* _ASSIGNED TASK_: Your output must be the line containing "Ortopædiske Sandaler til" followed by every later line in the entries below, all copied exactly.
###
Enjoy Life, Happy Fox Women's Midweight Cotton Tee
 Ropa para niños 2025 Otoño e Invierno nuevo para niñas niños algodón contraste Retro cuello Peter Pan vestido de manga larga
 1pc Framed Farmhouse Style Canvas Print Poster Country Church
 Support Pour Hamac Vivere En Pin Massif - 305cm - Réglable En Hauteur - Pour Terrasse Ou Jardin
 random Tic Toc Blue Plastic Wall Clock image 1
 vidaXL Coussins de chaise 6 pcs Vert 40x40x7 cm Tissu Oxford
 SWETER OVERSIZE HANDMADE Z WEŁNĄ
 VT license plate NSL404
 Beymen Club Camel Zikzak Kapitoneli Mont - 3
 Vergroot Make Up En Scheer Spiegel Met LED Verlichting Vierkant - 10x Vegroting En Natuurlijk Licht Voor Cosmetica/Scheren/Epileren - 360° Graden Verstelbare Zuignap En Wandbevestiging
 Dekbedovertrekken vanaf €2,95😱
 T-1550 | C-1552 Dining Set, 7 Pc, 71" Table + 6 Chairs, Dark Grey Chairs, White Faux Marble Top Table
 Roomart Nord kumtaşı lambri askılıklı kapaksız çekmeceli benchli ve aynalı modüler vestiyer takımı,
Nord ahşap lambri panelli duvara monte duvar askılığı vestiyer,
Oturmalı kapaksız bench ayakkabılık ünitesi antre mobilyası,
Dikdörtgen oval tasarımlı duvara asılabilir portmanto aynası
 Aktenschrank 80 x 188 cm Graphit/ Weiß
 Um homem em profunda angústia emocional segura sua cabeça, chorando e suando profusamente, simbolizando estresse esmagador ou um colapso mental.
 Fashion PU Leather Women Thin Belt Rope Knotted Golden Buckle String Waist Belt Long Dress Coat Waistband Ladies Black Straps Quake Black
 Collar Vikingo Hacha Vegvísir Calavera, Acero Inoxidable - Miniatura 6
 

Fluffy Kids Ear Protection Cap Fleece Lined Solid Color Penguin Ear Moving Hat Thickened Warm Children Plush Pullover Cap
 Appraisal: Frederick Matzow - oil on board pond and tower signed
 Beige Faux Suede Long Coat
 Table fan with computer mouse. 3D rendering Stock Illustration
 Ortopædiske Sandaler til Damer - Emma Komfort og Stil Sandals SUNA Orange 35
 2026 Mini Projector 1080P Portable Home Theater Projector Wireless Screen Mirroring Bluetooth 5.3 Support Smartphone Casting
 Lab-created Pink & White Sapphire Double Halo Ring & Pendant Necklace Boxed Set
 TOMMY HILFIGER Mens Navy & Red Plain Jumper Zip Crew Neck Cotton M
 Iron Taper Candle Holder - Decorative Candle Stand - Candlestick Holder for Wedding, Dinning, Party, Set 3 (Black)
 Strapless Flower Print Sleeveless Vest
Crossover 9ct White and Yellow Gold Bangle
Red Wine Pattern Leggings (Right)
###
* _ANSWER BOX_:
 Ortopædiske Sandaler til Damer - Emma Komfort og Stil Sandals SUNA Orange 35
 2026 Mini Projector 1080P Portable Home Theater Projector Wireless Screen Mirroring Bluetooth 5.3 Support Smartphone Casting
 Lab-created Pink & White Sapphire Double Halo Ring & Pendant Necklace Boxed Set
 TOMMY HILFIGER Mens Navy & Red Plain Jumper Zip Crew Neck Cotton M
 Iron Taper Candle Holder - Decorative Candle Stand - Candlestick Holder for Wedding, Dinning, Party, Set 3 (Black)
 Strapless Flower Print Sleeveless Vest
Crossover 9ct White and Yellow Gold Bangle
Red Wine Pattern Leggings (Right)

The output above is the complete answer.